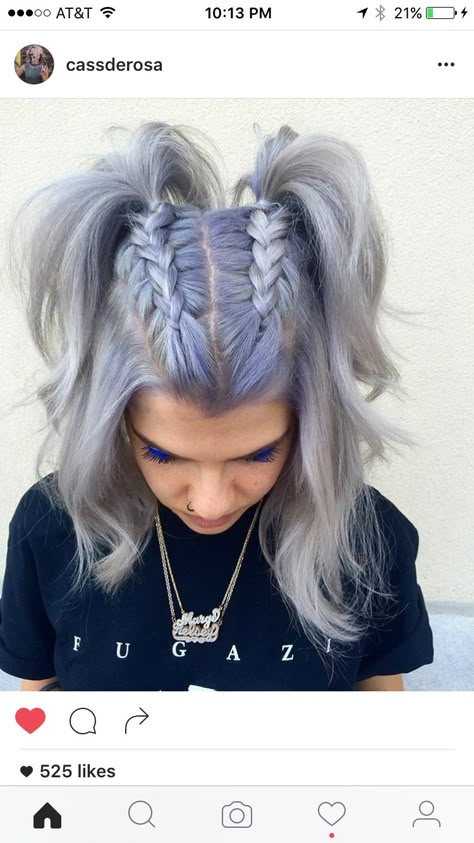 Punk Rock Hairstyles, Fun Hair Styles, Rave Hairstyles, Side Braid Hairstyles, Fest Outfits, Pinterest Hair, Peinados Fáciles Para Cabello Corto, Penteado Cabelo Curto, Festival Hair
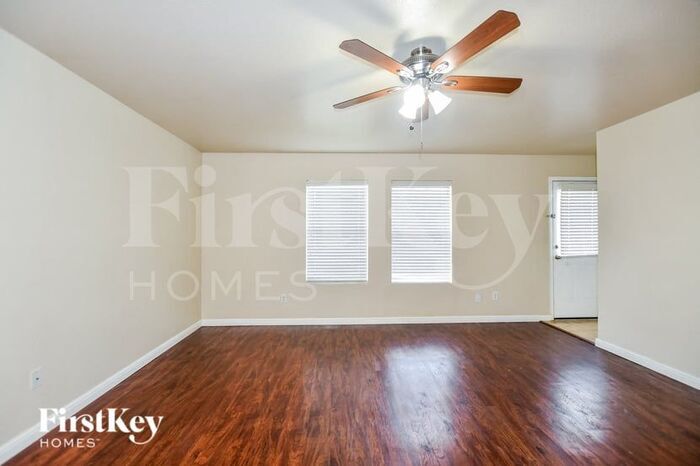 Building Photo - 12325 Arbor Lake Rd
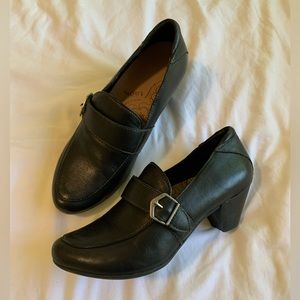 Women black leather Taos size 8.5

...

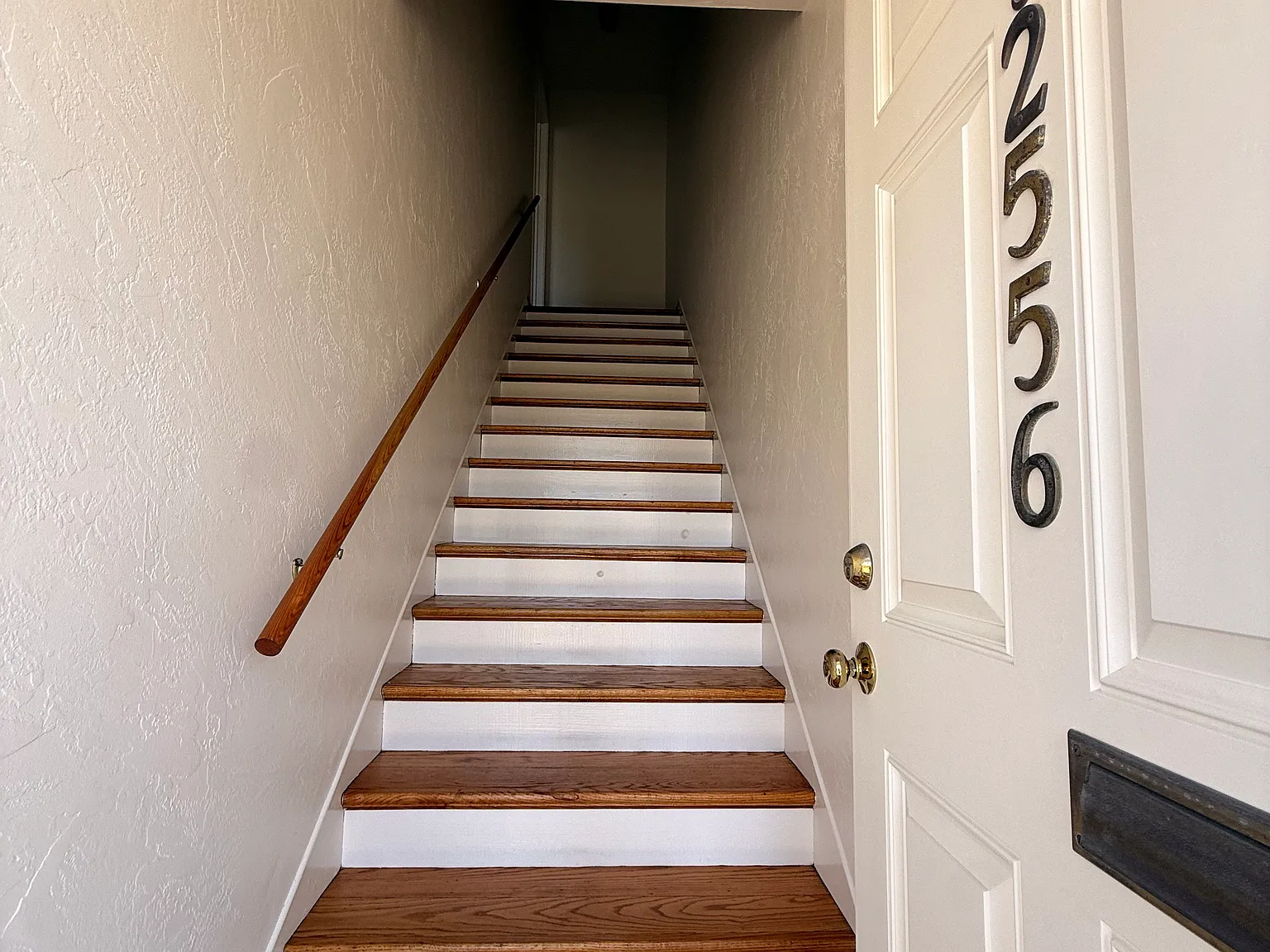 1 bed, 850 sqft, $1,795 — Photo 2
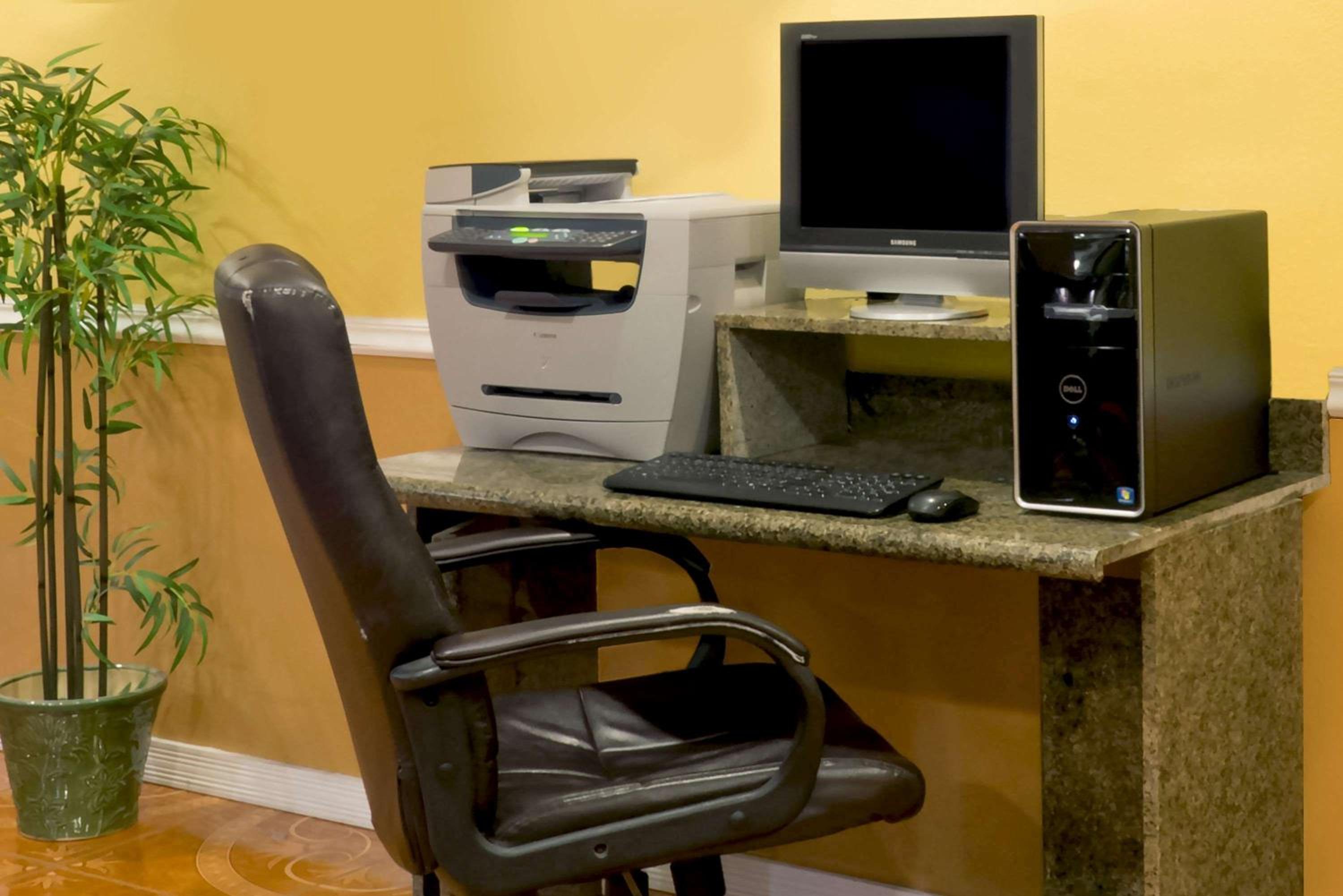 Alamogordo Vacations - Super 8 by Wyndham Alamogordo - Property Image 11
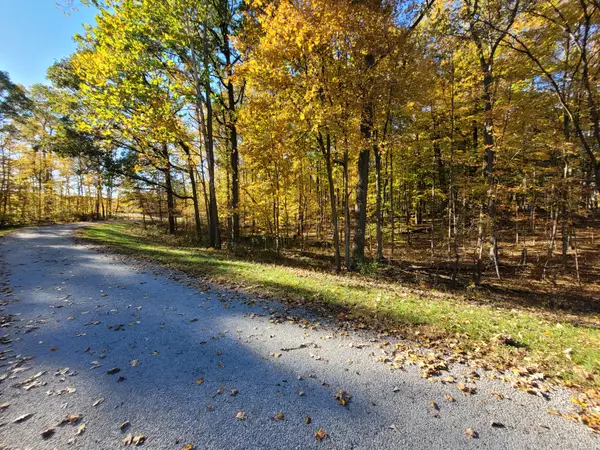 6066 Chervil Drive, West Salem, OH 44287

* * *

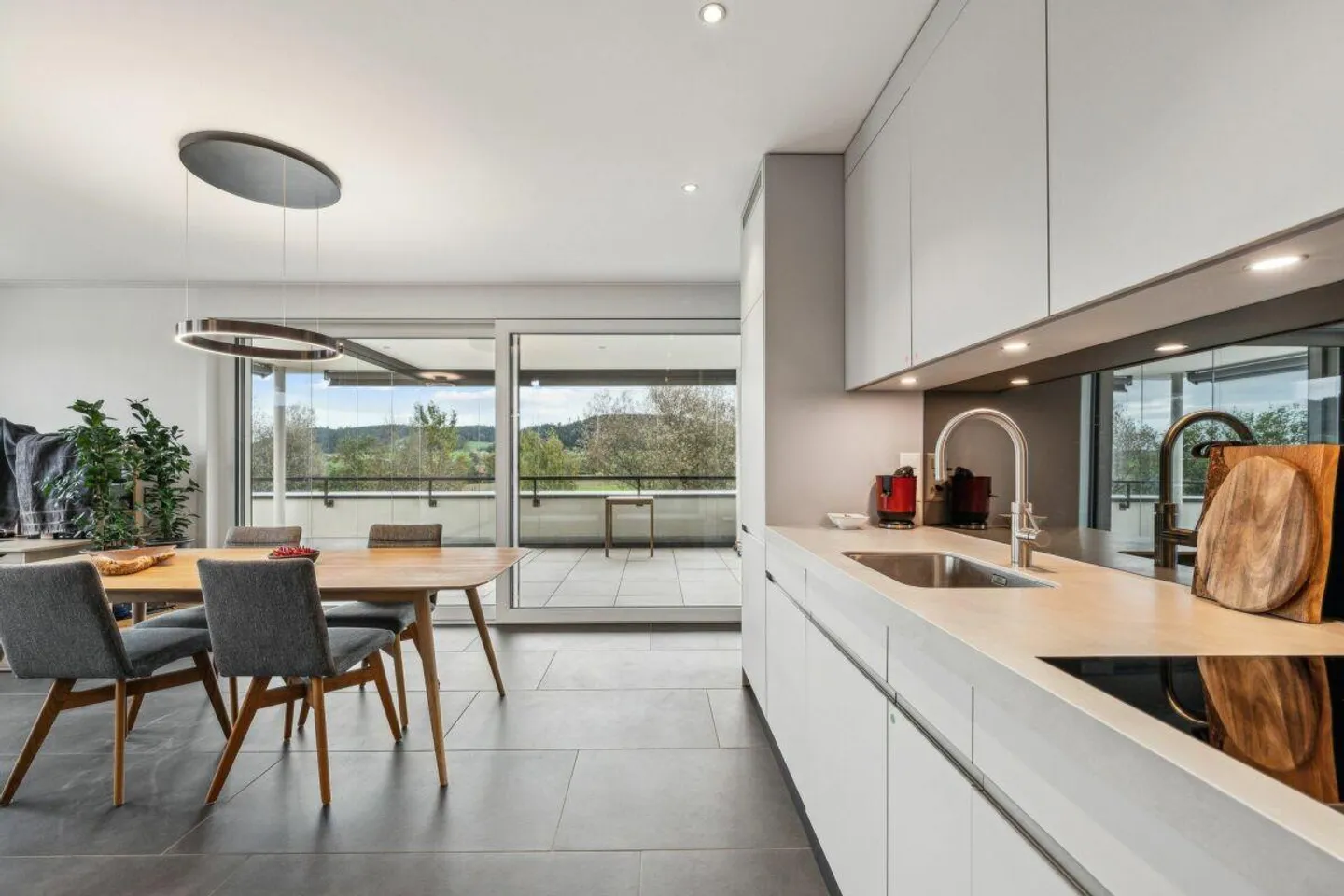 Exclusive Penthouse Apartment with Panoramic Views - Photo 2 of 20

Problem details: Looking above, find the stretch of lines that opens with the one holding "Alamogordo Vacations - Super" and closes with the one holding "6066 Chervil Drive, West Salem, OH 44287". Copy it exactly, pictures excluded.

Problem solution:
 Alamogordo Vacations - Super 8 by Wyndham Alamogordo - Property Image 11
 6066 Chervil Drive, West Salem, OH 44287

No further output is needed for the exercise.